Q Having read about rollover relief from capital gains tax (CGT) in Farmers Weekly, we would like to know what happens when land bought with rollover relief is passed to someone after the original owner dies. Does this have to be repaid from the estate or can the relief be continued until the recipient sells?
A On an individual’s death, all assets are uplifted to market value and no CGT is payable. Therefore, gains that have been rolled over into assets held at death do not become chargeable to tax, and the whole gain is “washed out”.
Assets owned by the deceased may suffer inheritance tax (IHT), although if the relevant assets wholly qualify for an IHT relief such as agricultural properly relief or business property relief, the assets can be passed to the inheriting individual with no tax liability arising.
See also: Tax considerations for farm cottages
Rollover relief from CGT is available for an individual when qualifying assets used in their trading business are sold, there is a capital gain and the proceeds are reinvested in other qualifying assets to be used by the individual in their trading business.
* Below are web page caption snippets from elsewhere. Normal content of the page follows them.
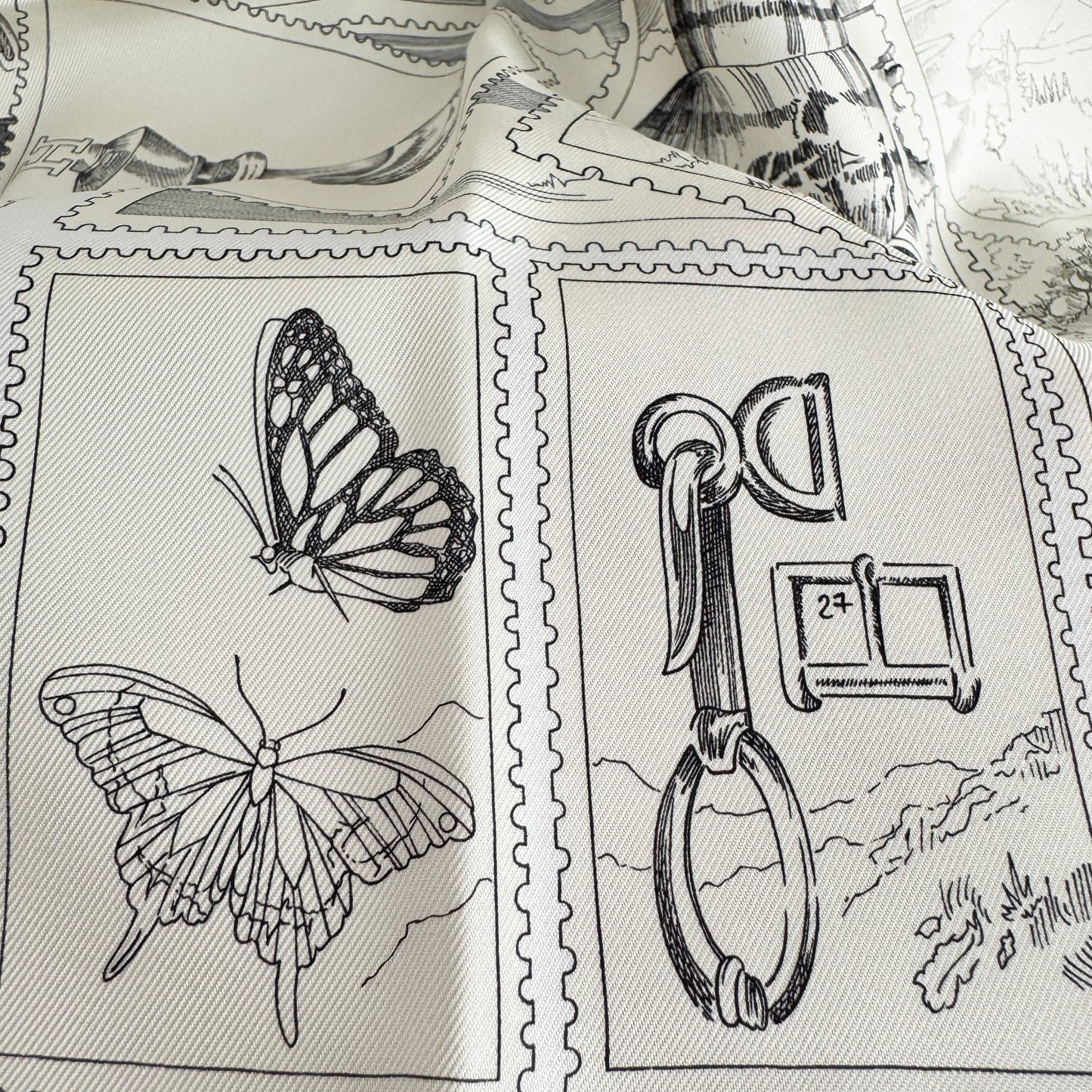 Hermes Le Philateliste du Faubourg scarf 90 in "gris / parchemin / blanc"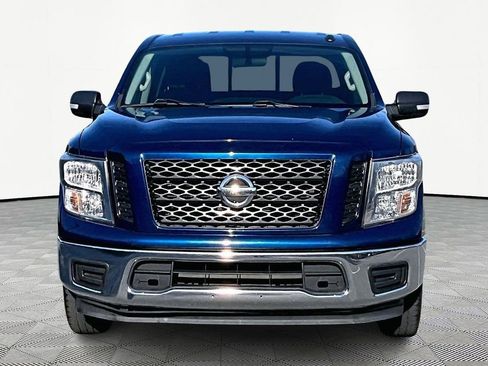 Used 2019 Nissan Titan SV image 3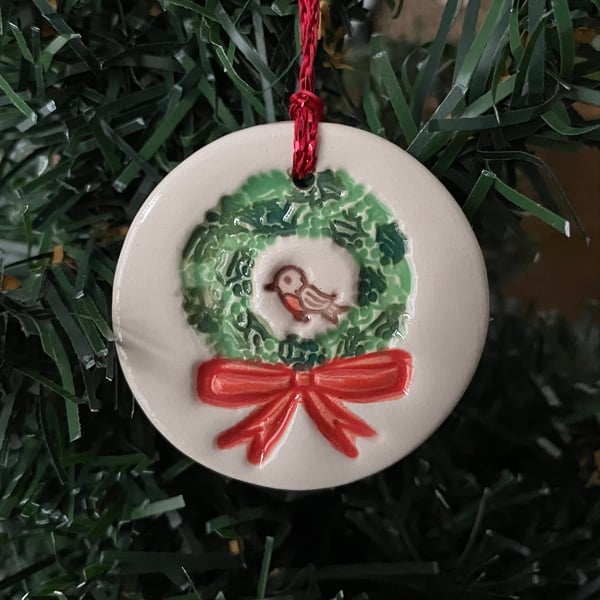 Mini wreath pottery gift tag
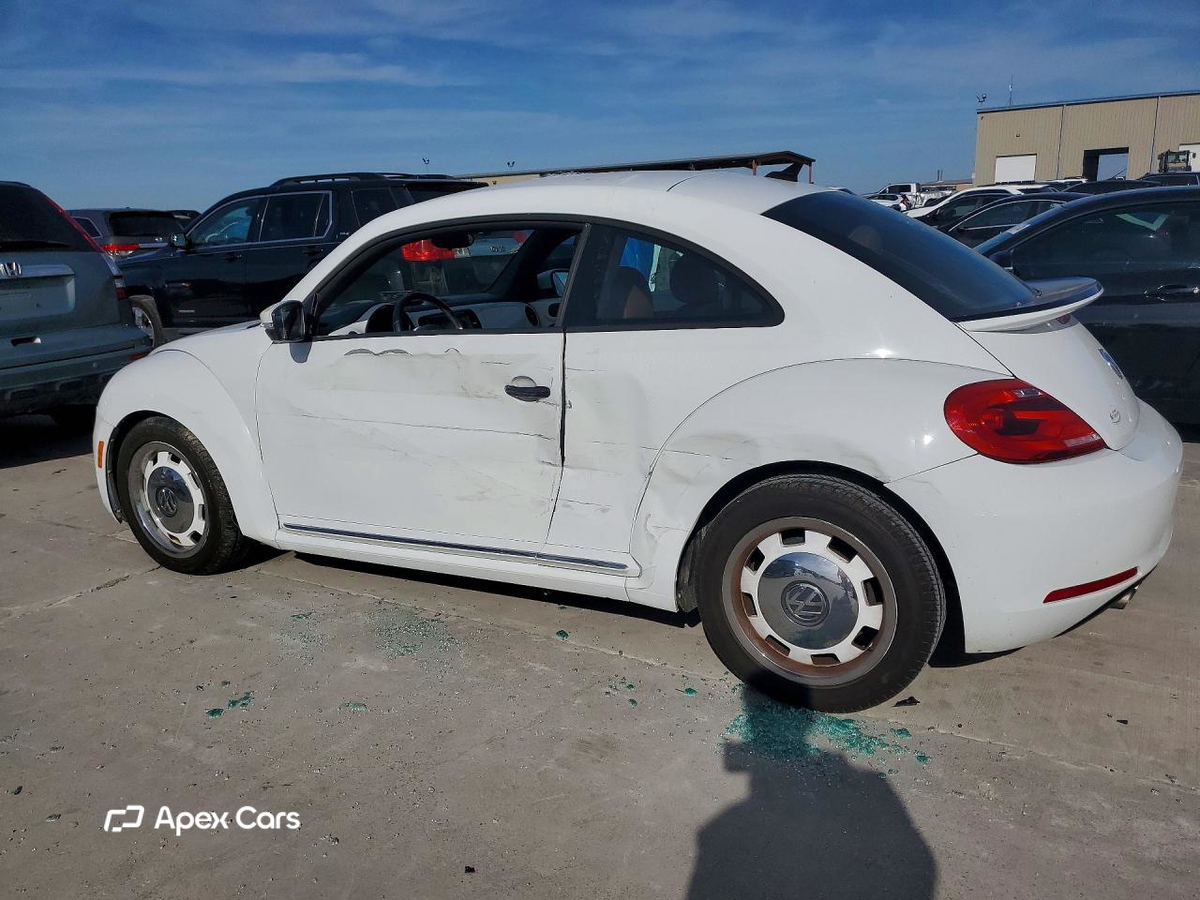 Volkswagen Beetle 2015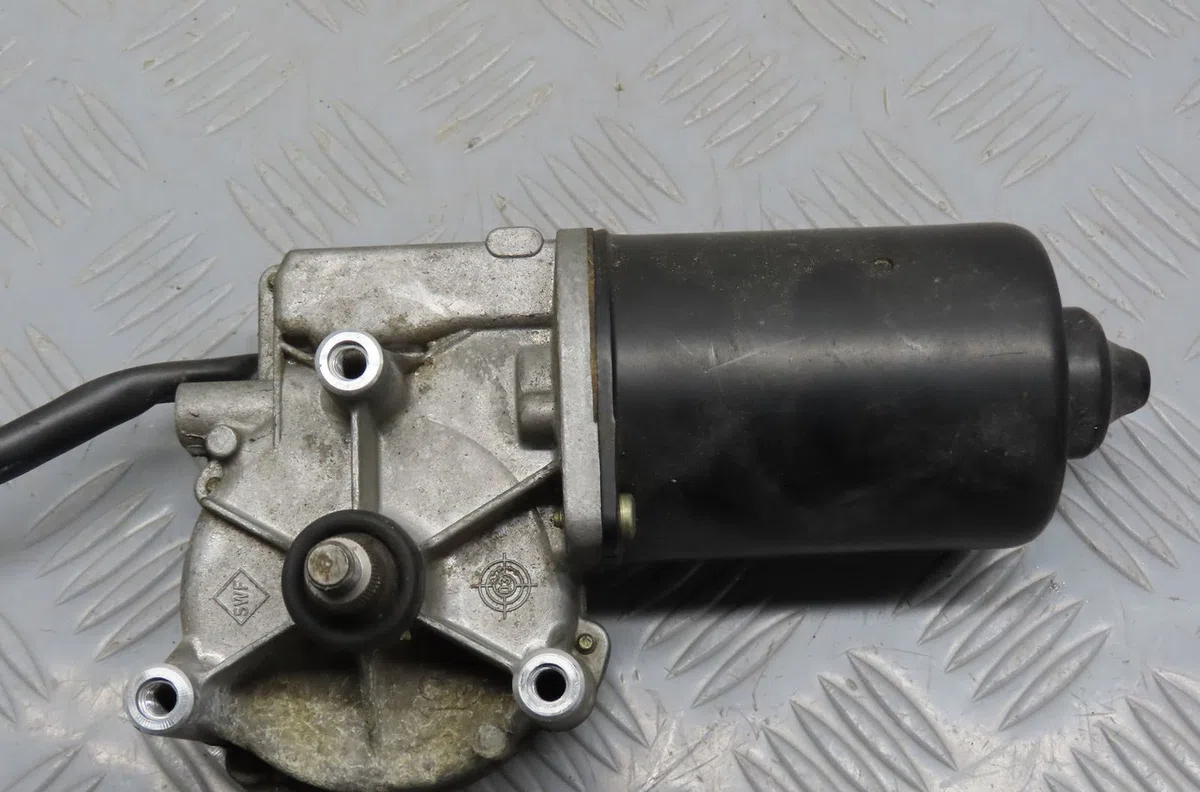 Moteur essuie-glace avant Mercedes-benz CLK (C209) Clk 270 cdi (209.316) (2002-2009) occasion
This does not have to be the same business or even the same trade.
Relief is available to sole traders and partners in a partnership. Relief is also available to limited companies or where individuals own an asset personally that is used by a company they own.
The acquisition of the replacement asset must be within a period commencing one year before and ending three years after the disposal. HM Revenue and Customs may agree to extend the period, to allow relief on purchases up to two years before and six years after a disposal in certain situations. A claim has to be made for the relief.
For full relief, all the proceeds must be reinvested. Also, if the asset being sold has not always been used in a trading business, then relief is restricted on a pro-rata basis to the trading period.
No rollover relief will be available until proceeds at least equal to the cost of the asset being sold are reinvested. For example, if an asset purchased for £400,000 is sold for £1m, no rollover relief will be available in respect of the £600,000 capital gain until replacement qualifying assets costing at least £400,000 have been acquired.
For farming businesses, relevant qualifying assets include land and buildings but not normally farmhouses occupied by anyone other than an employee.
Fixed plant and machinery, for example, an anaerobic digester or grain dryer, is also a qualifying asset, but only for a maximum of 10 years, when the gain becomes chargeable, if other qualifying assets have not been acquired in that period.
It is important to note that to extend the rollover relief period beyond 10 years, the replacement qualifying assets must be purchased before the 10 years have elapsed.
It is worth remembering that provided the replacement asset is used in the trade immediately, even if the asset stops being used in the trade in the future, then there is no clawback of the rollover relief on purchase.
Many farming businesses are now structured to include a company alongside a partnership. Gains made by an individual on qualifying assets can be rolled into qualifying assets used in a different trading business they own.
However, gains on assets used in a sole trade or partnership will not qualify for the relief where the proceeds are used to acquire qualifying assets to be used by a limited company which the individual owns.
Where relief is claimed on gains on assets owned personally by an individual and used by a company, HMRC takes the view that relief is only available if the proceeds are reinvested in other assets used by the same company.